BoundEdgeworth
This package implements the computation of the bounds described in the article Derumigny, Girard, and Guyonvarch (2023), Explicit non-asymptotic bounds for the distance to the first-order Edgeworth expansion, Sankhya A. doi:10.1007/s13171-023-00320-y arxiv:2101.05780.
How to install
You can install the release version from the CRAN:
install.packages("BoundEdgeworth")or the development version from GitHub:
# install.packages("remotes")
remotes::install_github("AlexisDerumigny/BoundEdgeworth")Available bounds
Let $X_1, \dots, X_n$ be $n$ independent centered variables, and $S_n$ be their normalized sum, in the sense that $$S_n := \sum_{i=1}^n X_i / \text{sd} \Big(\sum_{i=1}^n X_i \Big).$$
The goal of this package is to compute values of $\delta_n > 0$ such that bounds of the form
$$ \sup_{x \in \mathbb{R}} \left| \textrm{Prob}(S_n \leq x) - \Phi(x) \right| \leq \delta_n, $$
or of the form
$$ \sup_{x \in \mathbb{R}} \left| \textrm{Prob}(S_n \leq x) - \Phi(x) - \frac{\lambda_{3,n}}{6\sqrt{n}}(1-x^2) \varphi(x) \right| \leq \delta_n, $$
are valid. Here $\lambda_{3,n}$ denotes the average skewness of the variables $X_1, \dots, X_n$, $\Phi$ denotes the cumulative distribution function (cdf) of the standard Gaussian distribution, and $\varphi$ denotes its density.
The first type of bounds is returned by the function Bound_BE()
(Berry-Esseen-type bound) and the second type (Edgeworth expansion-type
bound) is returned by the function Bound_EE1().
Such bounds are useful because they can help to control uniformly the distance between the cdf of a normalized sum $\textrm{Prob}(S_n \leq x)$ and its limit $\Phi(x)$ (which is known by the central limit theorem). The second type of bound is more precise, and give a control of the uniform distance between $\textrm{Prob}(S_n \leq x)$ and its first-order Edgeworth expansion, i.e. the limit from the central limit theorem $\Phi(x)$ plus the next term $\frac{\lambda_{3,n}}{6\sqrt{n}}(1-x^2) \varphi(x)$.
Note that these bounds depends on the assumptions made on $(X_1, \dots, X_n)$ and especially on $K4$, the average kurtosis of the variables $X_1, \dots, X_n$. In all cases, they need to have finite fourth moment and to be independent. To get improved bounds, several additional assumptions can be added:
- the variables $X_1, \dots, X_n$ are identically distributed,
- the skewness (normalized third moment) of $X_1, \dots, X_n$ are all $0$.

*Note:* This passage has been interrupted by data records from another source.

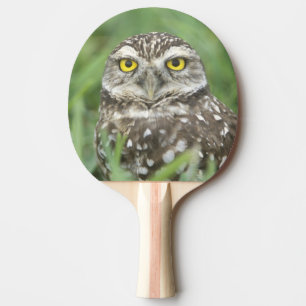 Raquette De Ping Pong États-Unis, Floride, Cape Coral, Hibou des terrier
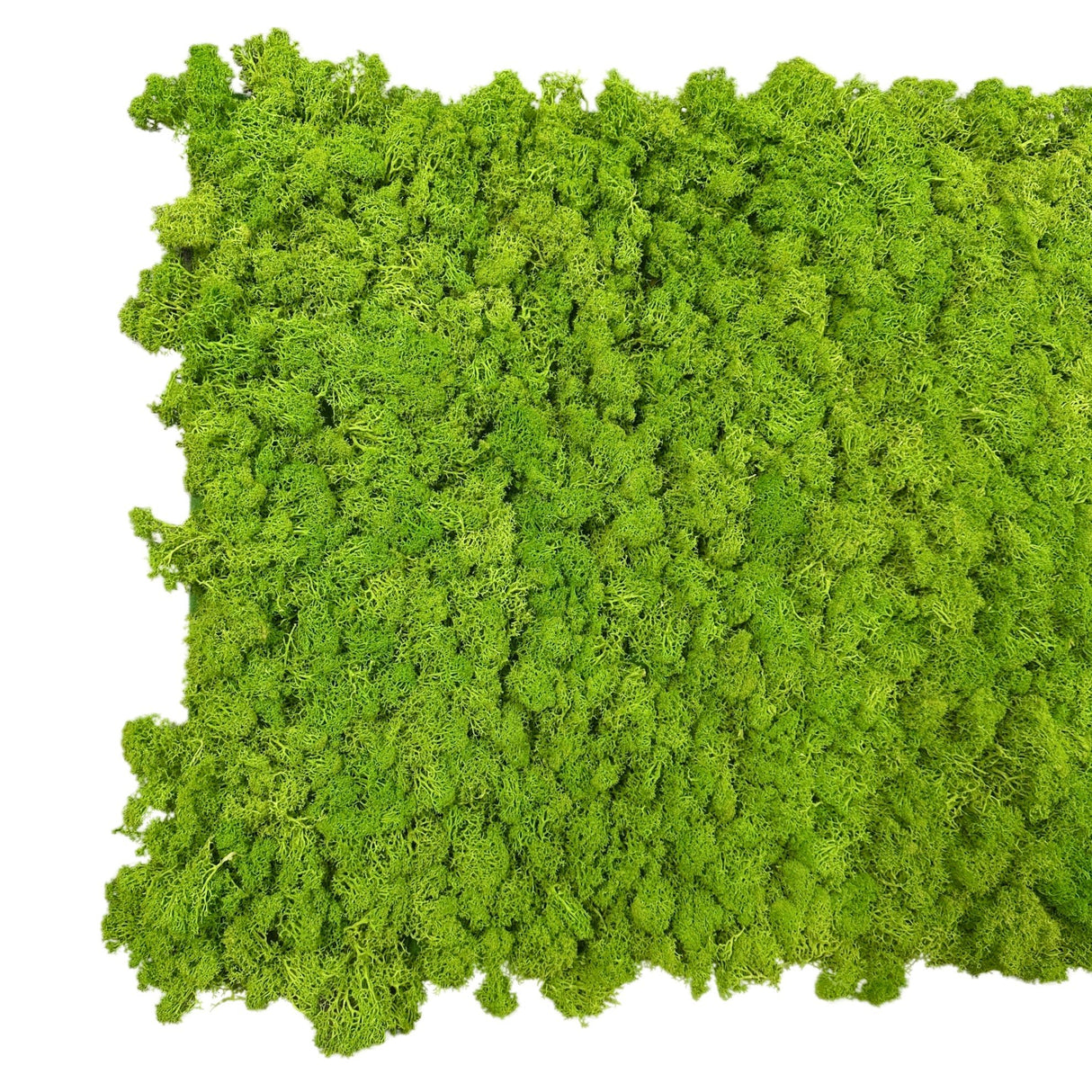 Light green preserved reindeer moss self-adhesive panel sheet with jagged edges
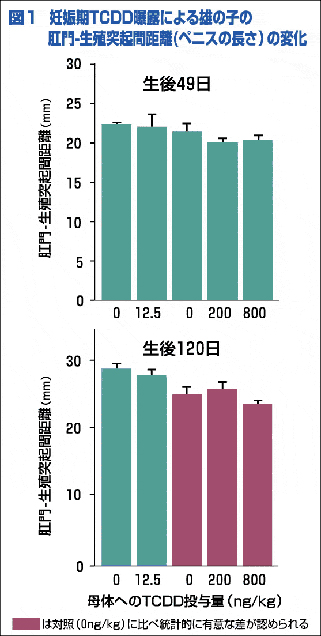 図１妊娠期TCDD曝露による雄の子の肛門－生殖突起間距離（ペニスの長さ）の変化図１にんしんき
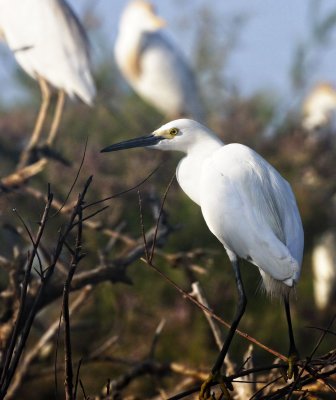 Snowy Egret
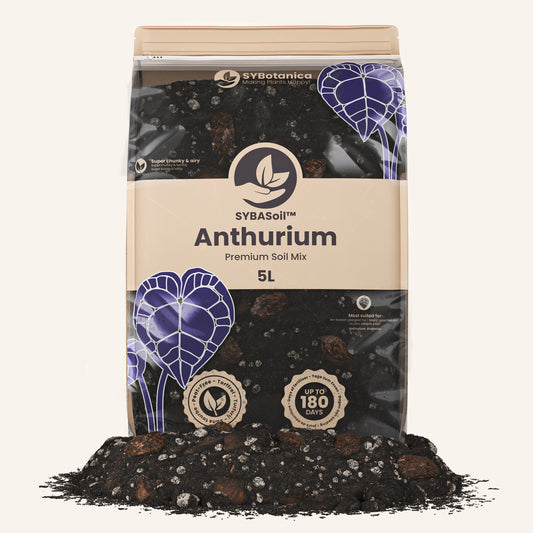 Substrato para Anthurium 5L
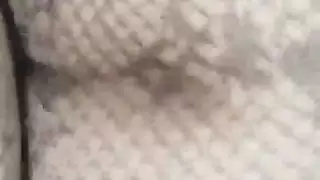 الديوث العربي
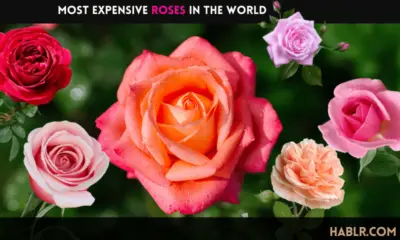Most Expensive Roses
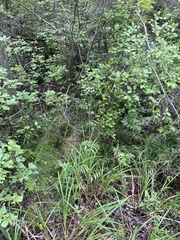 Oxypolis rigidior rigidior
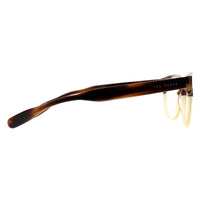 Ted Baker Glasses Frames TB8197 Cade 162 Brown Horn and Honey Men Women
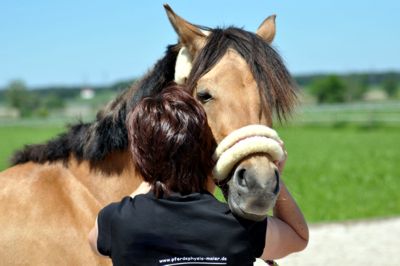 Bei einer Massage kann Ihr Pferd entspannen Pferdephysiotherapie1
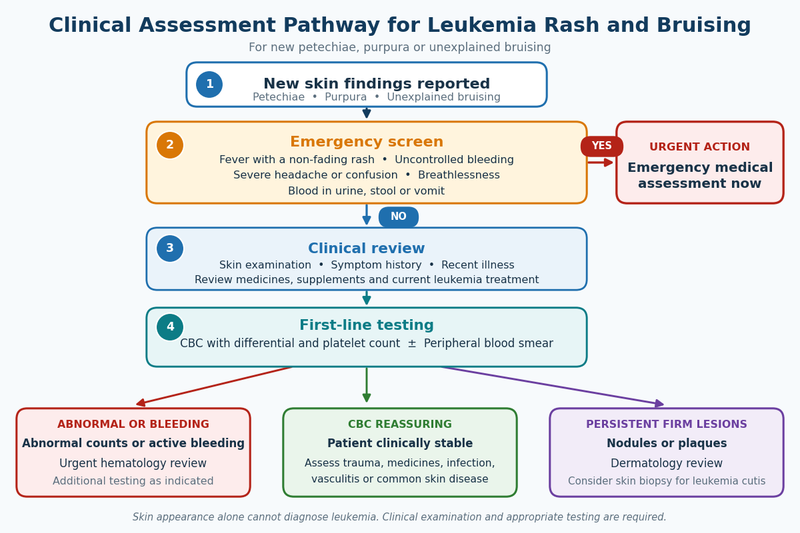 Leukemia Rash And Bruising: What Skin Changes Can Mean 6 Leukemia rash clinical assessment pathway medical grade 1200x800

- the distribution of $X_1, \dots, X_n$ admits a continuous component.
Example
setup = list(continuity = FALSE, iid = TRUE, no_skewness = FALSE)
Bound_EE1(setup = setup, n = 1000, K4 = 9)
#> [1] 0.1626857This shows that
$$ \sup_{x \in \mathbb{R}} \left| \textrm{Prob}(S_n \leq x) - \Phi(x) - \frac{\lambda_{3,n}}{6\sqrt{n}}(1-x^2) \varphi(x) \right| \leq 0.1626857, $$
as soon as the variables $X_1, \dots, X_{1000}$ are i.i.d. with a kurtosis smaller than $9$.
Adding one more regularity assumption on the distribution of the $X_i$ helps to achieve a better bound:
setup = list(continuity = TRUE, iid = TRUE, no_skewness = FALSE)
Bound_EE1(setup = setup, n = 1000, K4 = 9, regularity = list(kappa = 0.99))
#> [1] 0.1214038This shows that
$$ \sup_{x \in \mathbb{R}} \left| \textrm{Prob}(S_n \leq x) - \Phi(x) - \frac{\lambda_{3,n}}{6\sqrt{n}}(1-x^2) \varphi(x) \right| \leq 0.1214038, $$
in this case.
Applications to testing
This package also includes the function Gauss_test_powerAnalysis(),
that computes a uniformly valid power for the Gauss test that is valid
over a large class of non-Gaussian distribution. This uniform validity
is a consequence of the above-mentioned bounds.